- **Exercise**:
Every single entry must be reproduced precisely.

Crawled caption data:
---

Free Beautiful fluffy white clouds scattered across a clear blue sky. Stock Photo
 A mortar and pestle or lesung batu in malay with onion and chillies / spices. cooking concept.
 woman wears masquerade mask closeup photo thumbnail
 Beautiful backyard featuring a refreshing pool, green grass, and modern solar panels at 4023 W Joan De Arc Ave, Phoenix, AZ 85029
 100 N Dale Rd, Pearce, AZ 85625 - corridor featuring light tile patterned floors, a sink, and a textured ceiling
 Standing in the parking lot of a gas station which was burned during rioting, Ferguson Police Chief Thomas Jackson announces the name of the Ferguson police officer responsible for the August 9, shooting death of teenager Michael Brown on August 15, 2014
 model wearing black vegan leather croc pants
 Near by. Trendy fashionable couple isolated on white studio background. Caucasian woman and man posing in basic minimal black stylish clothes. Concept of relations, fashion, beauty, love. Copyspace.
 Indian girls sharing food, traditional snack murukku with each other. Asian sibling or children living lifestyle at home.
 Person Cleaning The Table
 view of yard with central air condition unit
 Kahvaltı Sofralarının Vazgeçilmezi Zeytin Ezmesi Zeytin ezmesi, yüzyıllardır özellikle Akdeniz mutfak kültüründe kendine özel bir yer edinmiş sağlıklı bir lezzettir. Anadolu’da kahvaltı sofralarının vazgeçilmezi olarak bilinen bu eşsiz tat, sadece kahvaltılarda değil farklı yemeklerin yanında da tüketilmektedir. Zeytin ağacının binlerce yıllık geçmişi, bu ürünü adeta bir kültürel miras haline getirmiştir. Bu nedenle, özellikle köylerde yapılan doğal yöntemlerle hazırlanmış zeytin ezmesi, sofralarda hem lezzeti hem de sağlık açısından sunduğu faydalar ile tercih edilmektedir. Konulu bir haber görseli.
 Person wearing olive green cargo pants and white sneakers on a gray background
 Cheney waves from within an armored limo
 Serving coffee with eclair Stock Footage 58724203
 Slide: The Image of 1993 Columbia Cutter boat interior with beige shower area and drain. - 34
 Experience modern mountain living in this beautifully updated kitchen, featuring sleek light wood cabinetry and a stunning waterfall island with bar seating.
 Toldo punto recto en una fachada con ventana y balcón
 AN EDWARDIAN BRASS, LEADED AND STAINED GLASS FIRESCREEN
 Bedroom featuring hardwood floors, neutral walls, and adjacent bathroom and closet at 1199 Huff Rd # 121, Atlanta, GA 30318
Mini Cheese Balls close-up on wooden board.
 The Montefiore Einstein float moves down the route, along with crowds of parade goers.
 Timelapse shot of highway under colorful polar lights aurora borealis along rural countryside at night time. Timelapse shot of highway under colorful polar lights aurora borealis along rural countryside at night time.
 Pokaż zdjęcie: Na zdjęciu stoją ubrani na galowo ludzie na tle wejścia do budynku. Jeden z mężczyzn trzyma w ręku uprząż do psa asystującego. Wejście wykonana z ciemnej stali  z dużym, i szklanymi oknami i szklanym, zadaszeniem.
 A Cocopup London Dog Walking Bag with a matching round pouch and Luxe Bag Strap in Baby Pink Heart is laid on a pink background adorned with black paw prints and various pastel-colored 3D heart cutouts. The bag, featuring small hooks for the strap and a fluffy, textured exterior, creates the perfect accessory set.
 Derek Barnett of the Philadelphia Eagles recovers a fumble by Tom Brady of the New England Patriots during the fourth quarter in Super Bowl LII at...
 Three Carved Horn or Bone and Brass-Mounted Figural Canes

---

- **Finished task**:
Free Beautiful fluffy white clouds scattered across a clear blue sky. Stock Photo
 A mortar and pestle or lesung batu in malay with onion and chillies / spices. cooking concept.
 woman wears masquerade mask closeup photo thumbnail
 Beautiful backyard featuring a refreshing pool, green grass, and modern solar panels at 4023 W Joan De Arc Ave, Phoenix, AZ 85029
 100 N Dale Rd, Pearce, AZ 85625 - corridor featuring light tile patterned floors, a sink, and a textured ceiling
 Standing in the parking lot of a gas station which was burned during rioting, Ferguson Police Chief Thomas Jackson announces the name of the Ferguson police officer responsible for the August 9, shooting death of teenager Michael Brown on August 15, 2014
 model wearing black vegan leather croc pants
 Near by. Trendy fashionable couple isolated on white studio background. Caucasian woman and man posing in basic minimal black stylish clothes. Concept of relations, fashion, beauty, love. Copyspace.
 Indian girls sharing food, traditional snack murukku with each other. Asian sibling or children living lifestyle at home.
 Person Cleaning The Table
 view of yard with central air condition unit
 Kahvaltı Sofralarının Vazgeçilmezi Zeytin Ezmesi Zeytin ezmesi, yüzyıllardır özellikle Akdeniz mutfak kültüründe kendine özel bir yer edinmiş sağlıklı bir lezzettir. Anadolu’da kahvaltı sofralarının vazgeçilmezi olarak bilinen bu eşsiz tat, sadece kahvaltılarda değil farklı yemeklerin yanında da tüketilmektedir. Zeytin ağacının binlerce yıllık geçmişi, bu ürünü adeta bir kültürel miras haline getirmiştir. Bu nedenle, özellikle köylerde yapılan doğal yöntemlerle hazırlanmış zeytin ezmesi, sofralarda hem lezzeti hem de sağlık açısından sunduğu faydalar ile tercih edilmektedir. Konulu bir haber görseli.
 Person wearing olive green cargo pants and white sneakers on a gray background
 Cheney waves from within an armored limo
 Serving coffee with eclair Stock Footage 58724203
 Slide: The Image of 1993 Columbia Cutter boat interior with beige shower area and drain. - 34
 Experience modern mountain living in this beautifully updated kitchen, featuring sleek light wood cabinetry and a stunning waterfall island with bar seating.
 Toldo punto recto en una fachada con ventana y balcón
 AN EDWARDIAN BRASS, LEADED AND STAINED GLASS FIRESCREEN
 Bedroom featuring hardwood floors, neutral walls, and adjacent bathroom and closet at 1199 Huff Rd # 121, Atlanta, GA 30318
Mini Cheese Balls close-up on wooden board.
 The Montefiore Einstein float moves down the route, along with crowds of parade goers.
 Timelapse shot of highway under colorful polar lights aurora borealis along rural countryside at night time. Timelapse shot of highway under colorful polar lights aurora borealis along rural countryside at night time.
 Pokaż zdjęcie: Na zdjęciu stoją ubrani na galowo ludzie na tle wejścia do budynku. Jeden z mężczyzn trzyma w ręku uprząż do psa asystującego. Wejście wykonana z ciemnej stali  z dużym, i szklanymi oknami i szklanym, zadaszeniem.
 A Cocopup London Dog Walking Bag with a matching round pouch and Luxe Bag Strap in Baby Pink Heart is laid on a pink background adorned with black paw prints and various pastel-colored 3D heart cutouts. The bag, featuring small hooks for the strap and a fluffy, textured exterior, creates the perfect accessory set.
 Derek Barnett of the Philadelphia Eagles recovers a fumble by Tom Brady of the New England Patriots during the fourth quarter in Super Bowl LII at...
 Three Carved Horn or Bone and Brass-Mounted Figural Canes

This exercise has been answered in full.